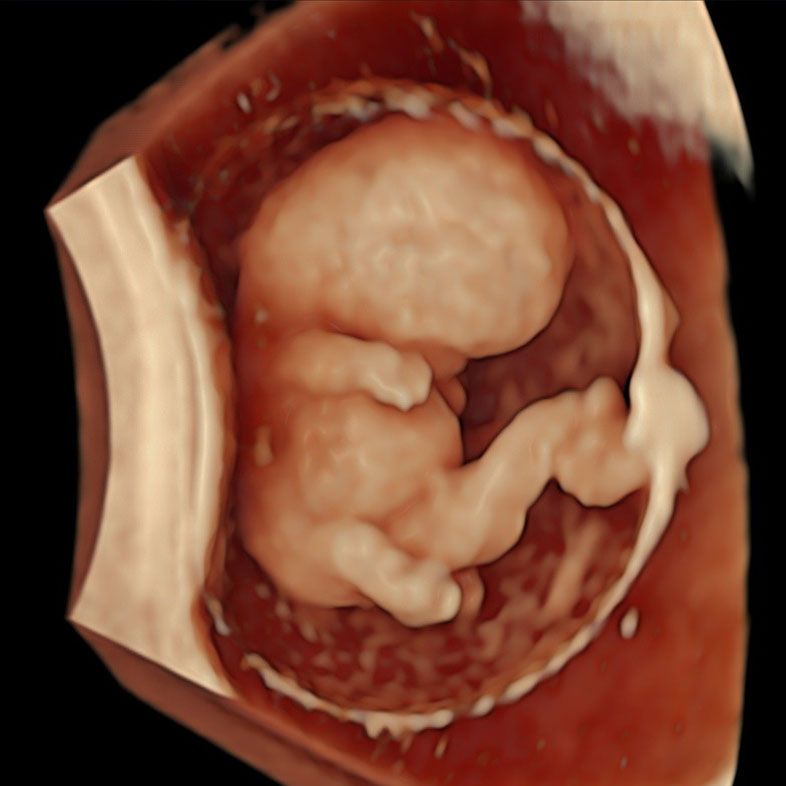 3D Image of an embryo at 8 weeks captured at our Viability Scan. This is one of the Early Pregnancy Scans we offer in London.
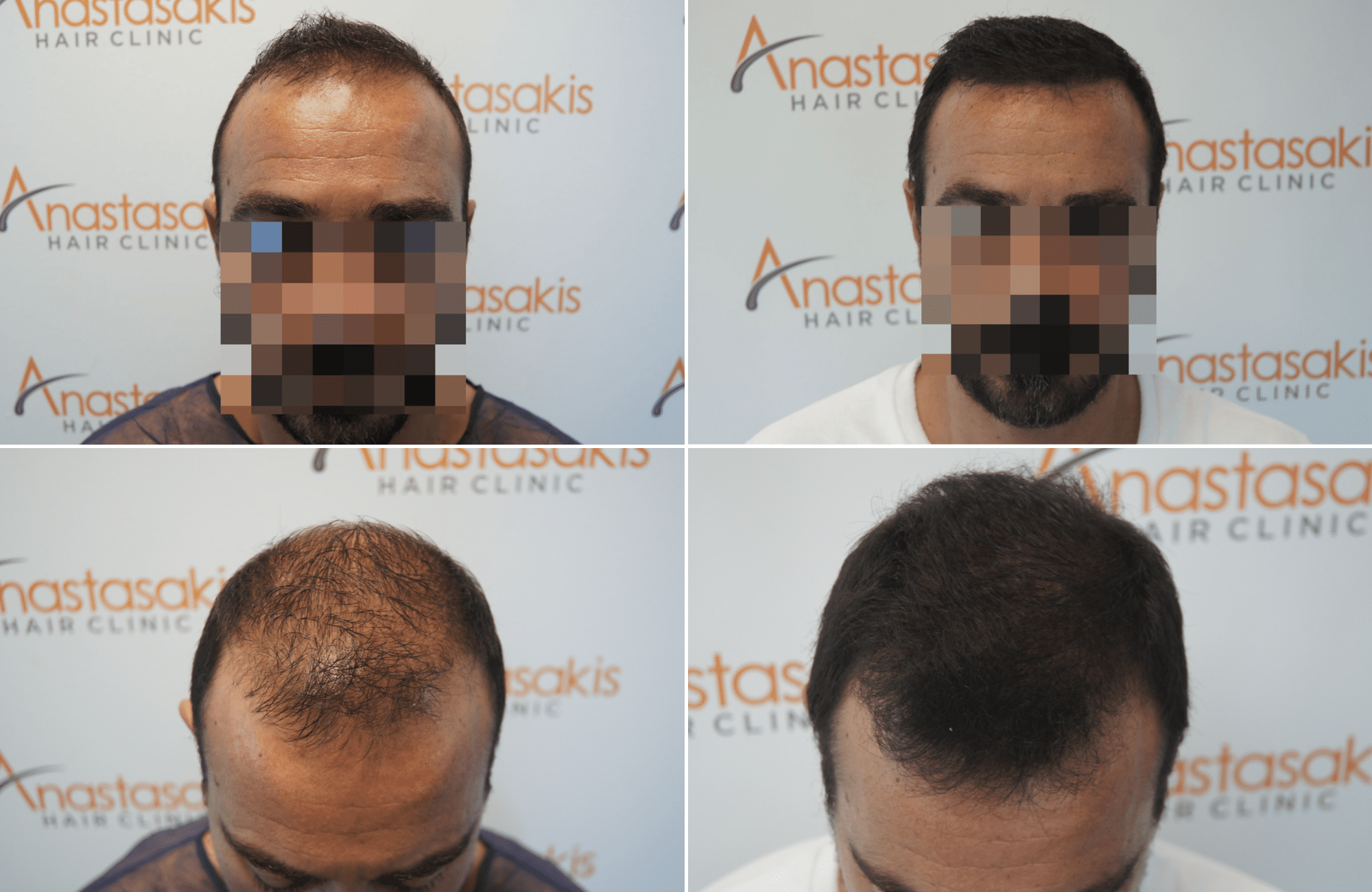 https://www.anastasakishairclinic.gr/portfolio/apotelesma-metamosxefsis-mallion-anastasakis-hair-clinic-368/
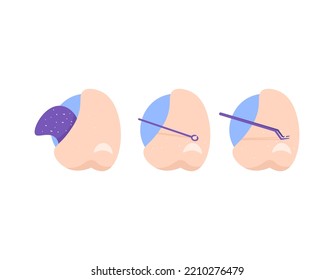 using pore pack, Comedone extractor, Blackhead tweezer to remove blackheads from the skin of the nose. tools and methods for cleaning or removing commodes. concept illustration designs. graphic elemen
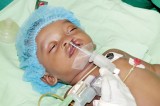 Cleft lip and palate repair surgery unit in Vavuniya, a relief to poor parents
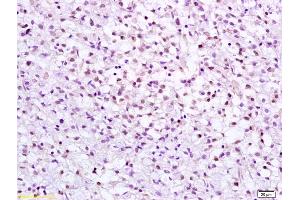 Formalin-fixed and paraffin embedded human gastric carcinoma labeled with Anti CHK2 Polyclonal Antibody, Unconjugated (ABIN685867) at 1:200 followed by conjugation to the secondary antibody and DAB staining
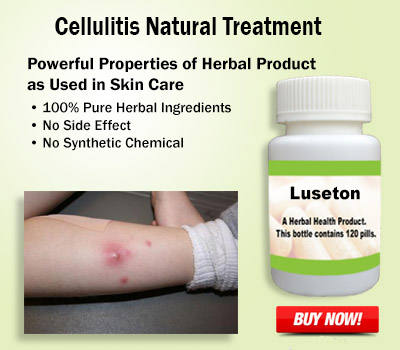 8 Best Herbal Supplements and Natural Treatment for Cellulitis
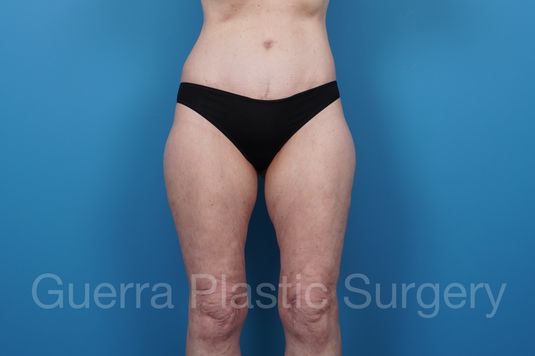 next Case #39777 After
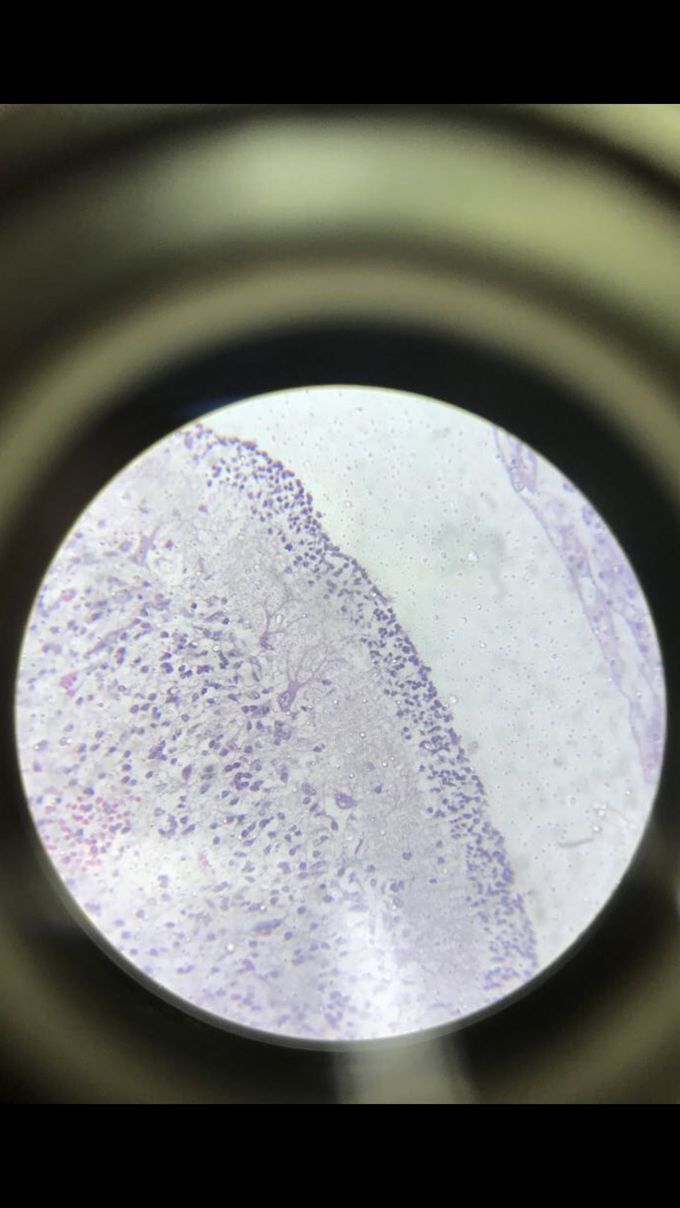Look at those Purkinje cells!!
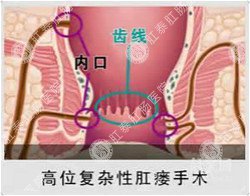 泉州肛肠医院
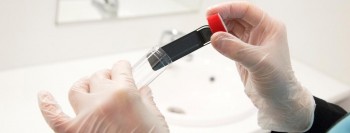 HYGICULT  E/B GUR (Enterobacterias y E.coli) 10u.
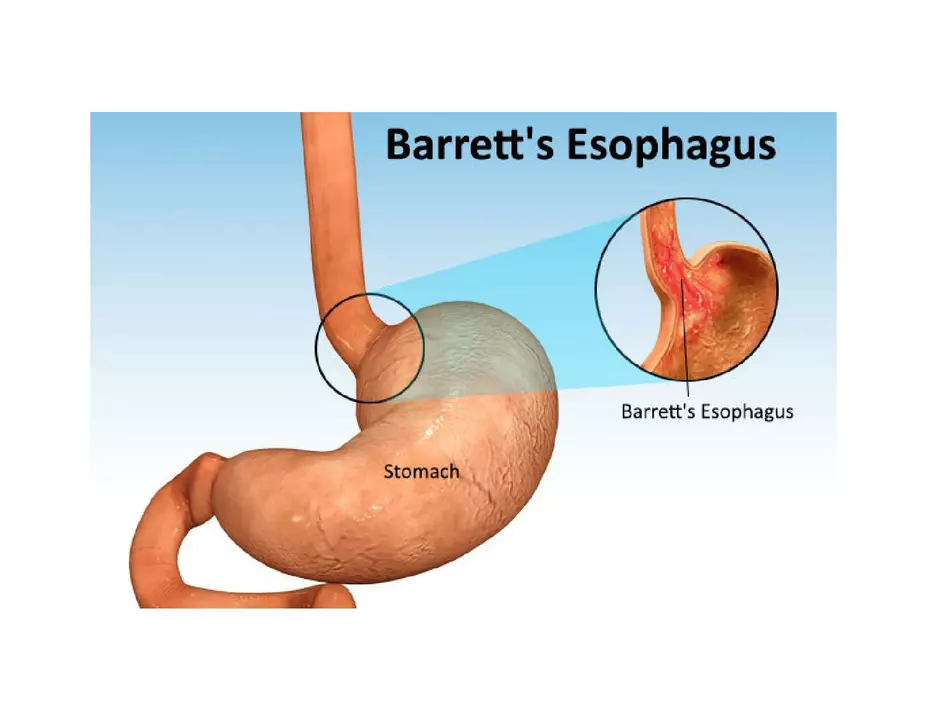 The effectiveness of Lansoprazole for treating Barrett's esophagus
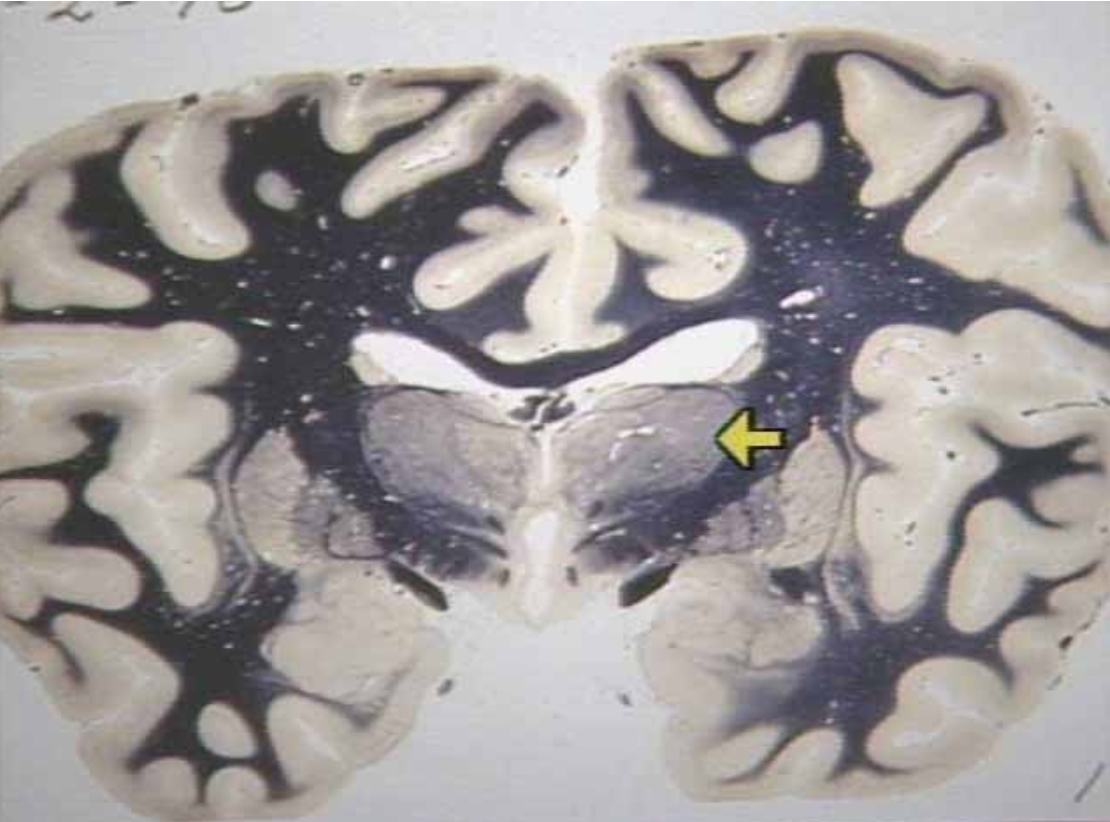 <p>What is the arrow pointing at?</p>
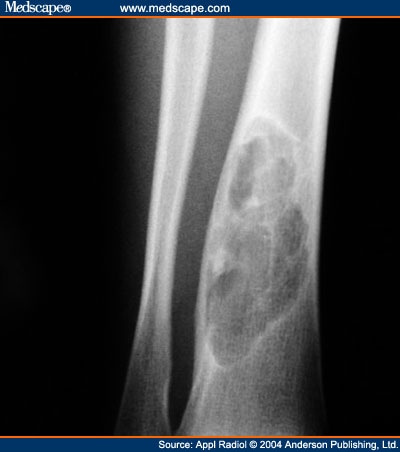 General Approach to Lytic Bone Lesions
━━━━
PROBLEM DETAILS => Repeat the data word for word, excluding any image.

RESULT OF THIS TASK =>
 3D Image of an embryo at 8 weeks captured at our Viability Scan. This is one of the Early Pregnancy Scans we offer in London.
 https://www.anastasakishairclinic.gr/portfolio/apotelesma-metamosxefsis-mallion-anastasakis-hair-clinic-368/
 using pore pack, Comedone extractor, Blackhead tweezer to remove blackheads from the skin of the nose. tools and methods for cleaning or removing commodes. concept illustration designs. graphic elemen
 Cleft lip and palate repair surgery unit in Vavuniya, a relief to poor parents
 Formalin-fixed and paraffin embedded human gastric carcinoma labeled with Anti CHK2 Polyclonal Antibody, Unconjugated (ABIN685867) at 1:200 followed by conjugation to the secondary antibody and DAB staining
 8 Best Herbal Supplements and Natural Treatment for Cellulitis
 next Case #39777 After
Look at those Purkinje cells!!
 泉州肛肠医院
 HYGICULT  E/B GUR (Enterobacterias y E.coli) 10u.
 The effectiveness of Lansoprazole for treating Barrett's esophagus
 <p>What is the arrow pointing at?</p>
 General Approach to Lytic Bone Lesions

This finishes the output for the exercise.